The Jesus was a historical man is beyond (nearly) all doubt. His existence is attested to by ancient historians both religious and secular. Jesus’ humanity is not typically the objection people have to the claims of Christian theology. It is not his birth to a young woman named Mary that so many reject. No, instead, it is Jesus’ divinity that raises the eyebrows and prompts the challenges. But the Scriptures reference the deity of Christ in numerous places

"who, though he was in the form of God, did not count equality with God a thing to be grasped..." (Phil 2:6)

"He is the image of the invisible God, the firstborn of all creation." (Col 1:15)

"But false prophets also arose among the people, just as there will be false teachers among you, who will secretly bring in destructive heresies, even denying the Master who bought them, bringing upon themselves swift destruction." (2 Peter 2:1)

"Pay careful attention to yourselves and to all the flock, in which the Holy Spirit has made you overseers, to care for the church of God, which he obtained with his own blood." (Acts 20:28)

"I and the Father are one.” The Jews picked up stones again to stone him. Jesus answered them, “I have shown you many good works from the Father; for which of them are you going to stone me?” The Jews answered him, “It is not for a good work that we are going to stone you but for blasphemy, because you, being a man, make yourself God.” (John 10:30-33)

Unfortunately, the virgin birth of Jesus seems to us an ancient myth, one that the ancients found easier to believe than we do today.
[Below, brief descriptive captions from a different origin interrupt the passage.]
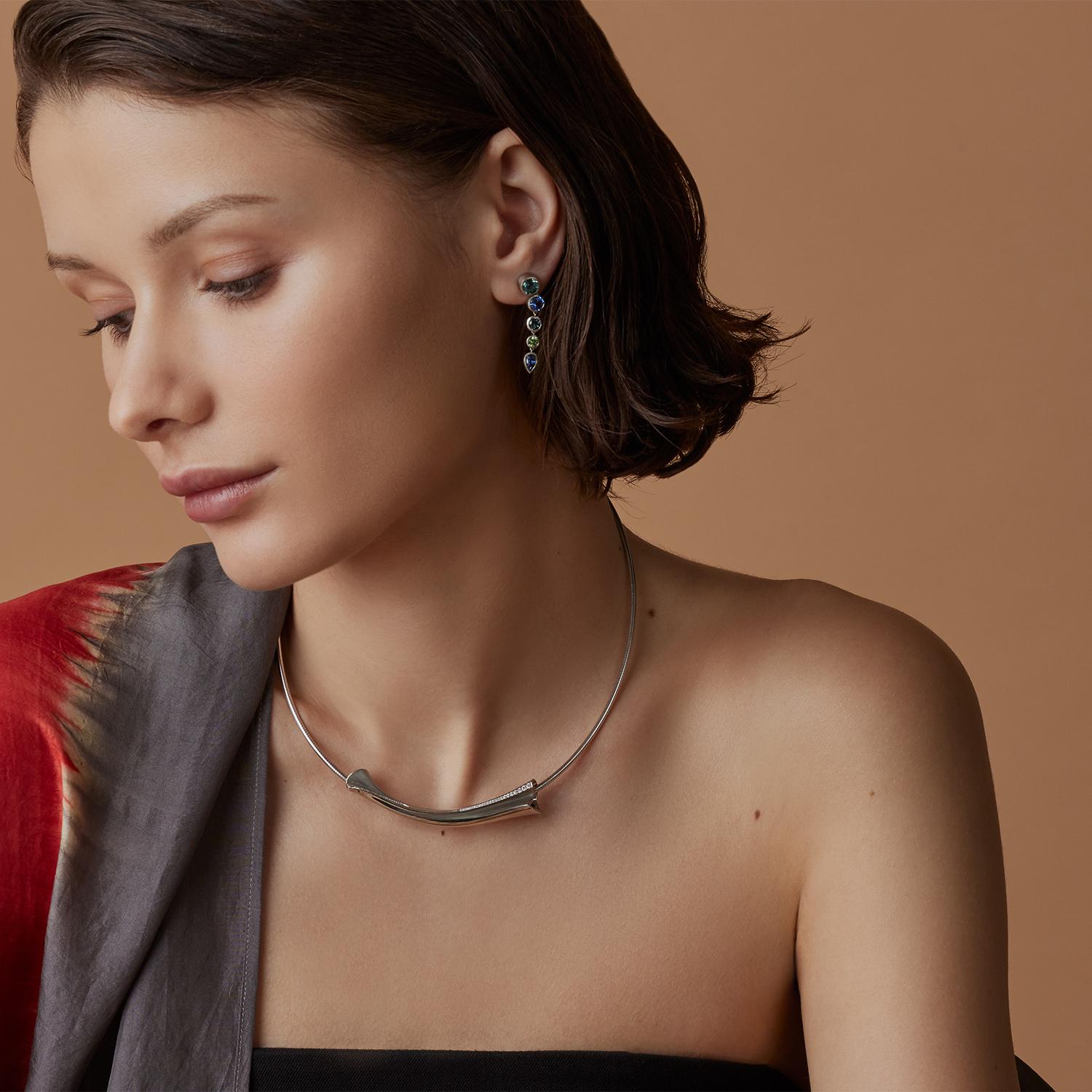 0,63 Karat Pav Diamanten Couture Skulpturale zeitgenössische Platin-Halskette mit Rohr im Angebot 7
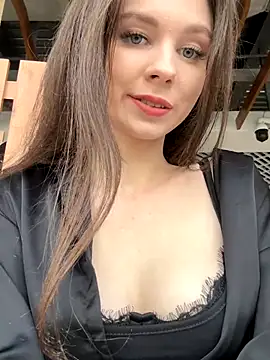 MilaBee online show from 10-31-25, 08:59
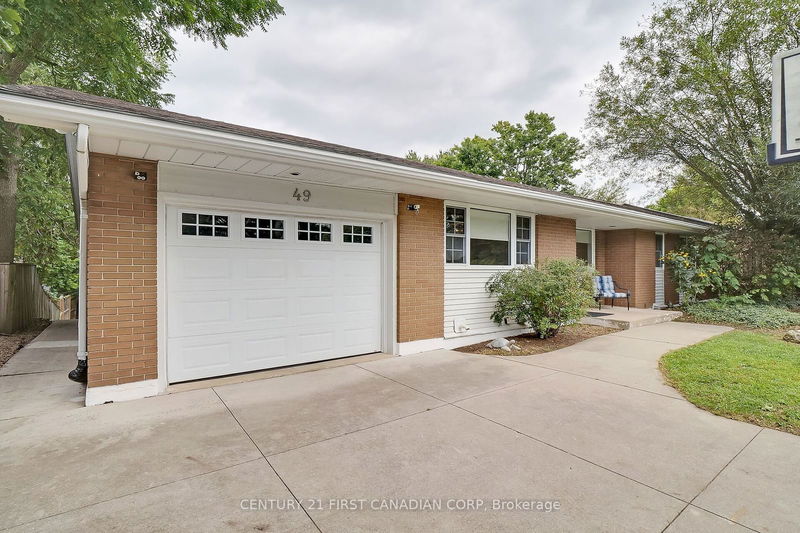 home for sale on 49 Naomee Crescent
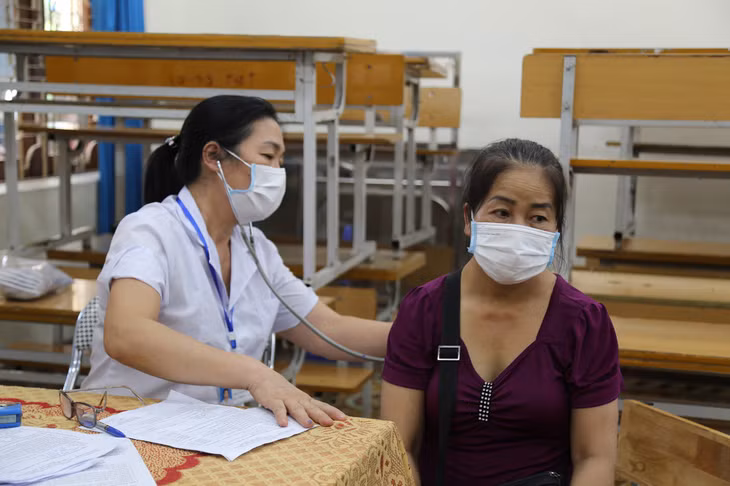 Market traders had a health check prior to being vaccinated.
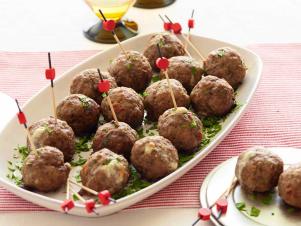 CCANG102_date-and-blue-cheese-stuffed-meatballs-recipe_s4x3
After all, we understand the science of conception, fetal development and birth as scientifically proven needing a human seed fertilizing a human egg. Yet, we dare to believe that Jesus was born of a virgin without the help of a human seed to fertilize her human egg. To understand the virgin birth, we need to see how it fits into the whole story of Scripture—a story in which miraculous births play a starring role.

Many skeptics today will counter that “virgin” in the biblical and historical sense may refer simply to a young girl of marry-able age. This is no doubt true. But this is not the sense with which the biblical authors understood “virgin” to mean. Even if Isaiah could not have foreseen the full import of his own Spirit-breathed prophecy.

"Therefore the Lord himself will give you a sign. Behold, the virgin shall conceive and bear a son, and shall call his name Immanuel." (Is 7:14)

Matthew’s Gospel gives us the fullness of meaning: “[Joseph] knew her not until she had given birth to a son.”

The reality is this: only man should pay the price for the sins of mankind, but only God could pay the price for the sins of mankind. Thus, in Jesus Christ, the “man should” and the “God could” unite in perfect payment and pure pardon.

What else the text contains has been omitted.